Tuesday 25 November 2014

Spook Stories by E.F. Benson


Would you like to read some ghost stories by the fire with a cup of hot chocolate resting on the hob? Try the Spook Stories by E.F. Benson available at
Spook Stories
They are nicely written with careful characterisation as you would expect from one of the Benson boys. Take this introduction to Naboth’s Vineyard

Ralph Hatchard had for the last twenty years been making a very good income at the Bar; no one could marshal facts so tellingly as he, no one could present a case to a jury in so persuasive and convincing a way, nor make them see the situation he pictured to them with so sympathetic an eye. He disdained to awaken sentiment by moving appeals to humanity, for he had not, either in his private or his public life, any use for mercy, but demanded mere justice for his client. Many were the cases in which, not by distorting facts, but merely by focusing them for the twelve intelligent men whom he addressed, he had succeeded in making them look through the telescope of his mind, and see at the end of it precisely what he wished them to see. But if he had been asked of which out of all his advocacies he was most intellectually proud, he would probably have mentioned one in which that advocacy had not been successful. This was in the famous Wraxton case of seven years ago, in which he had defended a certain solicitor, Thomas Wraxton, on a charge of embezzlement and conversion to his own use of the money of a client.
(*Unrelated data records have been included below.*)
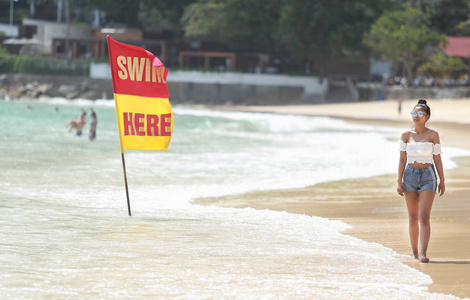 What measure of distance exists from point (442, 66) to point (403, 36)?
4.14m

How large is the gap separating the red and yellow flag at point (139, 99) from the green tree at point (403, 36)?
49.3 meters

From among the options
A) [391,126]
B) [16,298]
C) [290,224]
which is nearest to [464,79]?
[391,126]

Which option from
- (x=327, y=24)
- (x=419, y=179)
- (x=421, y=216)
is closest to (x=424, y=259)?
(x=421, y=216)

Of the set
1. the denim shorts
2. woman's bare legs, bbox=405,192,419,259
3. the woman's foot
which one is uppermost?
the denim shorts

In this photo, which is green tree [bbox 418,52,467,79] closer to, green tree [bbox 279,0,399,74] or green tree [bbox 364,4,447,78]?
green tree [bbox 364,4,447,78]

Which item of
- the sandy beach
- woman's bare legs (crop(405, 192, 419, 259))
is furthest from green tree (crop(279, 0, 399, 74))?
woman's bare legs (crop(405, 192, 419, 259))

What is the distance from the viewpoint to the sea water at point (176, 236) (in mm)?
7992

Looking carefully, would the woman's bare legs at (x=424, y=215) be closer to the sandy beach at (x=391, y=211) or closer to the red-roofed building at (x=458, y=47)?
the sandy beach at (x=391, y=211)

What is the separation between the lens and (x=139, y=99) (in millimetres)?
11859

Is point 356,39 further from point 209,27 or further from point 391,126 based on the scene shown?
point 391,126

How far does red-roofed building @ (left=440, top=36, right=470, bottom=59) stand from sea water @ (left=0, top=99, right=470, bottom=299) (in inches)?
1569

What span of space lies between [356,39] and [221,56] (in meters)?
13.6

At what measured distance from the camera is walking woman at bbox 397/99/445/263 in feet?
28.8

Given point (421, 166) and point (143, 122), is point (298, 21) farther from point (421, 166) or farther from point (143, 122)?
point (421, 166) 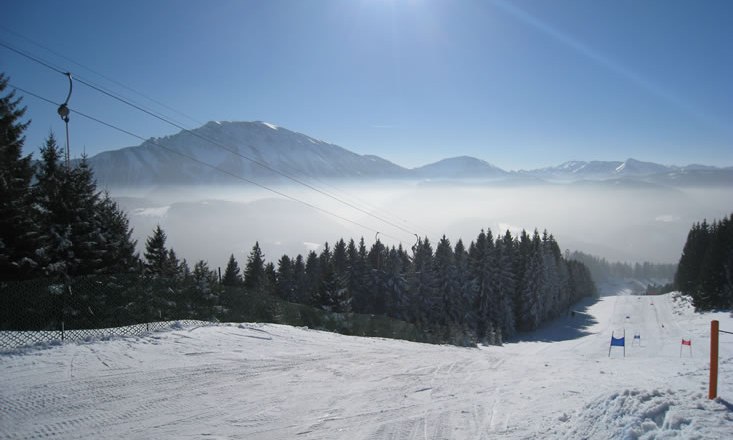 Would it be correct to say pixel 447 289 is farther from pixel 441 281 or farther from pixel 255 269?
pixel 255 269

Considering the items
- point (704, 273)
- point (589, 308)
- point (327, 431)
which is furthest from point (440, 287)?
point (327, 431)

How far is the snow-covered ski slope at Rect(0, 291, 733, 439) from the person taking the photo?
5211 millimetres

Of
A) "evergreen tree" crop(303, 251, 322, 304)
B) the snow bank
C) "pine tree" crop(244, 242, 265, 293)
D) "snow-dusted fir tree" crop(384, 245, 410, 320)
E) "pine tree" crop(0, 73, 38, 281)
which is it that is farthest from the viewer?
"evergreen tree" crop(303, 251, 322, 304)

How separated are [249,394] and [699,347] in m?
36.7

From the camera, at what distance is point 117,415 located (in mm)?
5582

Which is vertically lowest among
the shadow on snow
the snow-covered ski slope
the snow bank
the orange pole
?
the shadow on snow

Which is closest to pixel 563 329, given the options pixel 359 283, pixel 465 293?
pixel 465 293

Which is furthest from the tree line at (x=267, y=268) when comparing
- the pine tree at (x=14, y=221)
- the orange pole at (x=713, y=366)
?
the orange pole at (x=713, y=366)

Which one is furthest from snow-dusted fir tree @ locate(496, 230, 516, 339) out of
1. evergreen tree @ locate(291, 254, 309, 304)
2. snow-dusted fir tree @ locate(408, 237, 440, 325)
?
evergreen tree @ locate(291, 254, 309, 304)

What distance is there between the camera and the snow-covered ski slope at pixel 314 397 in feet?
17.1

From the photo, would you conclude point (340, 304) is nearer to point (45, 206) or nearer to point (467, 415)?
point (45, 206)

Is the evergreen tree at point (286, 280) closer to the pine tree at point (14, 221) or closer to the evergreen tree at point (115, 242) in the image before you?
the evergreen tree at point (115, 242)

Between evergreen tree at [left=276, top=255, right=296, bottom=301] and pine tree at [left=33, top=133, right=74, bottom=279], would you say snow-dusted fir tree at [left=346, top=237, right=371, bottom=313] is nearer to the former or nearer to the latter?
evergreen tree at [left=276, top=255, right=296, bottom=301]

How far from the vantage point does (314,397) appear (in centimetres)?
691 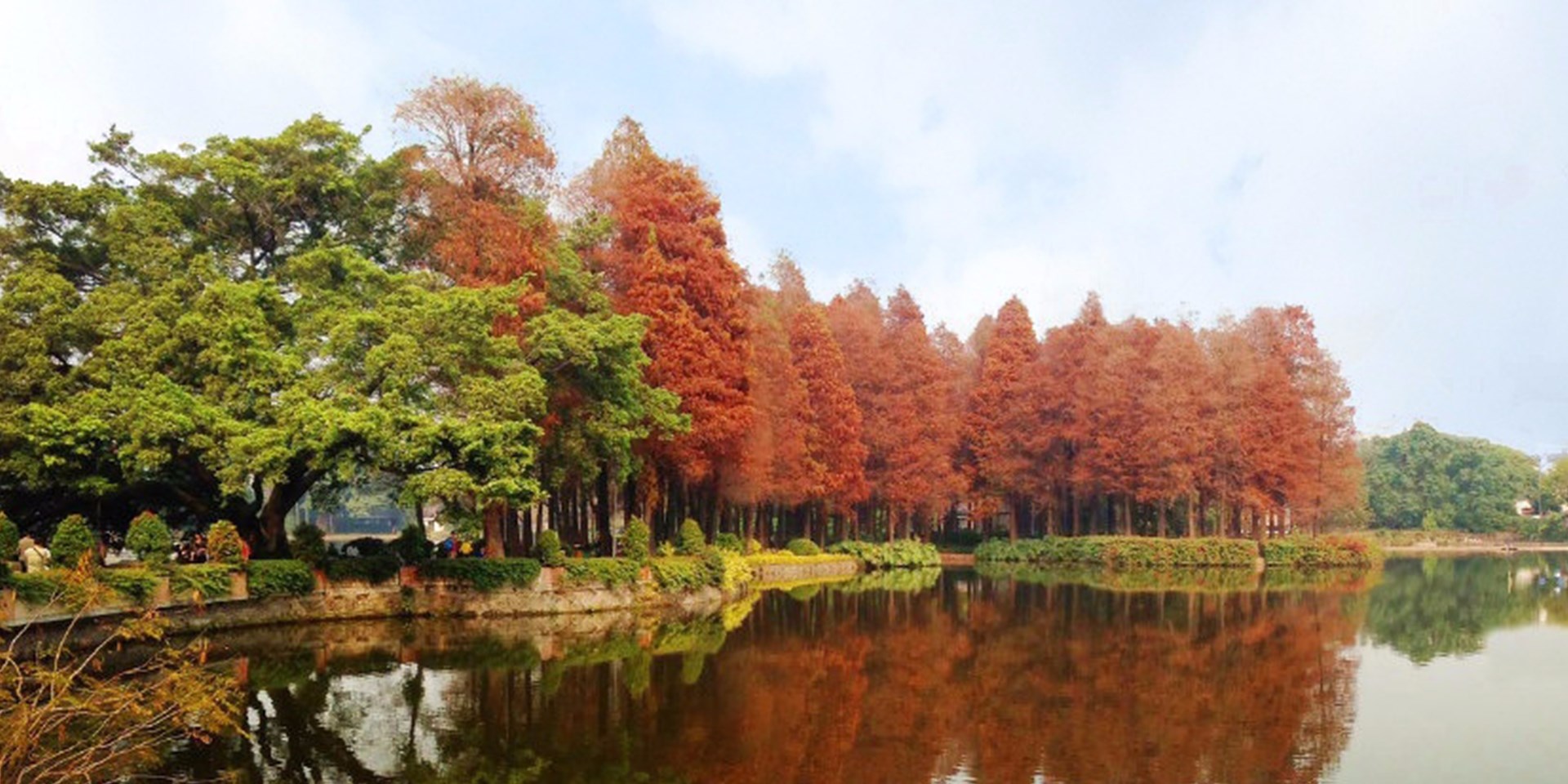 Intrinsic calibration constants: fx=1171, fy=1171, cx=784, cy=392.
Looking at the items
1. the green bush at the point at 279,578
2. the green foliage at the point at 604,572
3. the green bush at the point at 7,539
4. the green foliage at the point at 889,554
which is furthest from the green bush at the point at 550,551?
the green foliage at the point at 889,554

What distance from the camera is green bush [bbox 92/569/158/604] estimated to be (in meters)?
21.5

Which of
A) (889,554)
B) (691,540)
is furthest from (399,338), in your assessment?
(889,554)

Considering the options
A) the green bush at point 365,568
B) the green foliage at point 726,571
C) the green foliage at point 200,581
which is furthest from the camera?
the green foliage at point 726,571

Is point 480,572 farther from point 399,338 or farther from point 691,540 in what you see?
point 691,540

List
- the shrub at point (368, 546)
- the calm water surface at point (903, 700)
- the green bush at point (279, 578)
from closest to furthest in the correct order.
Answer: the calm water surface at point (903, 700) → the green bush at point (279, 578) → the shrub at point (368, 546)

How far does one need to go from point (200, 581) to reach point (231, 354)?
4.72m

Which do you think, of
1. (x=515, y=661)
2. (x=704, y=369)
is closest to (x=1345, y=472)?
(x=704, y=369)

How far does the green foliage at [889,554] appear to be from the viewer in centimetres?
5253

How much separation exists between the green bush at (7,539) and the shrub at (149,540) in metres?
2.02

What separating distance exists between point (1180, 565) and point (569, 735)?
4311cm

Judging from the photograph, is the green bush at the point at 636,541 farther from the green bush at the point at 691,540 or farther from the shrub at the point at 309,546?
the shrub at the point at 309,546

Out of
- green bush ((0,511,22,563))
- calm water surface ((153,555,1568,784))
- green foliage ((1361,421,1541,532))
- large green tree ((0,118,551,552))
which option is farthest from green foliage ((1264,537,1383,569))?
green foliage ((1361,421,1541,532))

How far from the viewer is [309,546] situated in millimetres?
26172

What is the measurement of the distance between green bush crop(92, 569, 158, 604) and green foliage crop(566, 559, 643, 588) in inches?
365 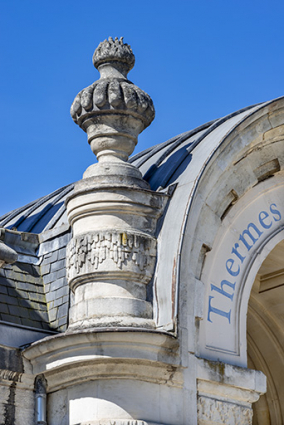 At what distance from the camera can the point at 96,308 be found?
11695mm

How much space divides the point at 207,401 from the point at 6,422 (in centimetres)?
245

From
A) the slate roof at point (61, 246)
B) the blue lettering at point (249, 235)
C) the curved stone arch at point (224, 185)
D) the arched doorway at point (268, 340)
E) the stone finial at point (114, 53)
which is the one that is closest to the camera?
the curved stone arch at point (224, 185)

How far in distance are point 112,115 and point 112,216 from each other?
4.60 ft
There’s a certain sort of diction that goes with a good ghost story. It’s slightly elevated, superior and authoritative. Individuals are encountered, not met.

Hatchard was a bachelor; he had little opinion of women as companions, and it was enough for him in town when his day's work was over to take his dinner at the club, and after a stern rubber or two at bridge, to retire to his flat, and more often than not work at some case in which he was engaged till the small hours.

small hours begs for single quotes as an advertent lapse into the demotic.. His ghouls are not commonplace creatures.